> **Excerpted records**:
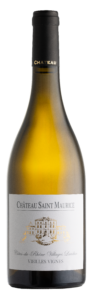 Saint Maurice Blanc Vielles vignes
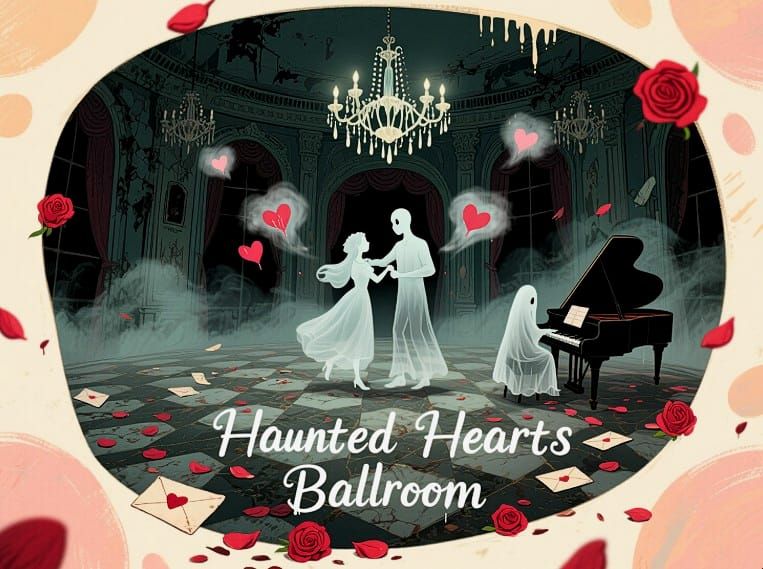 10/14/2025-Quest Entry 1-Haunted Valentines Art By Archangel...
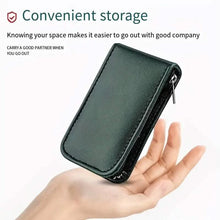 将图片加载到图库查看器，6-Piece: Nail Clipper Set with Zipper Travel Case
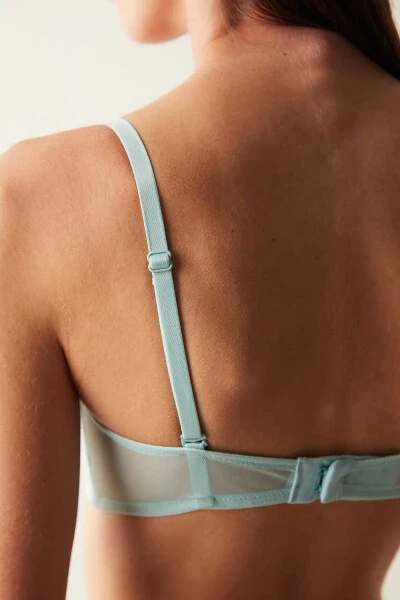 Бюстгальтер Bloom Микро Мятный Зеленый - 4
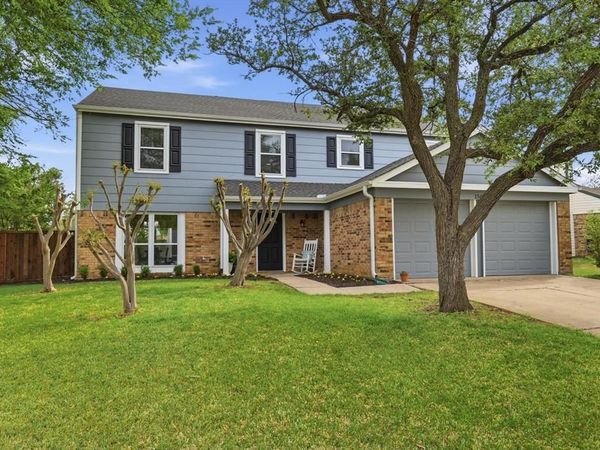 1509 Colony Street, Flower Mound, TX 75028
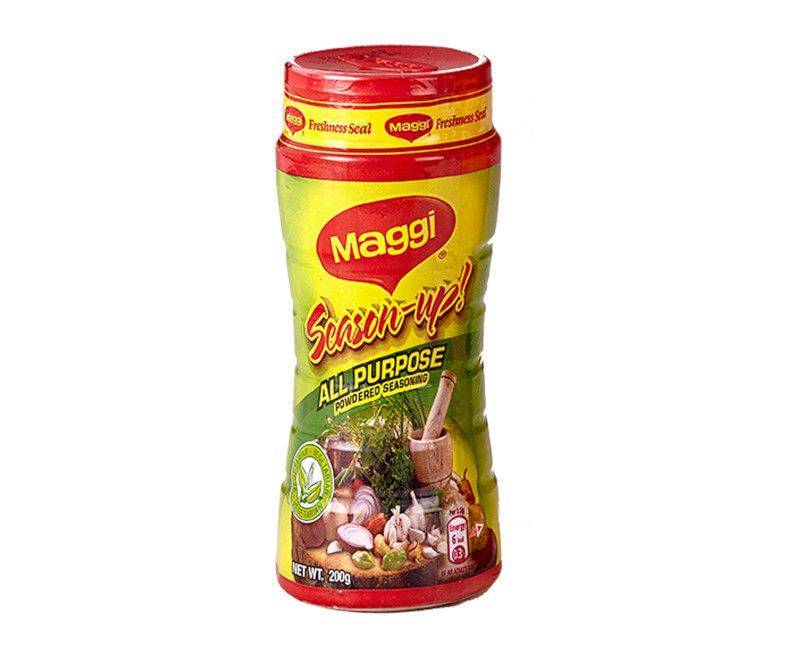maggi seasoning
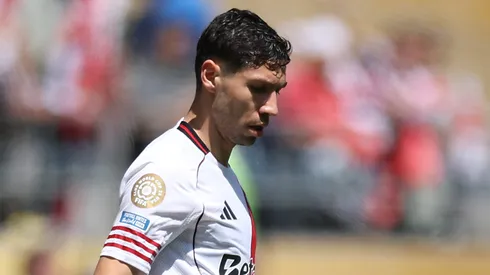 El defensor se sometió a estudios en Seattle.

> **What to do**:
Exactly as written, reproduce all of the entries while dropping the pictures.

> **Response to this task**:
 Saint Maurice Blanc Vielles vignes
 10/14/2025-Quest Entry 1-Haunted Valentines Art By Archangel...
 将图片加载到图库查看器，6-Piece: Nail Clipper Set with Zipper Travel Case
 Бюстгальтер Bloom Микро Мятный Зеленый - 4
 1509 Colony Street, Flower Mound, TX 75028
maggi seasoning
 El defensor se sometió a estudios en Seattle.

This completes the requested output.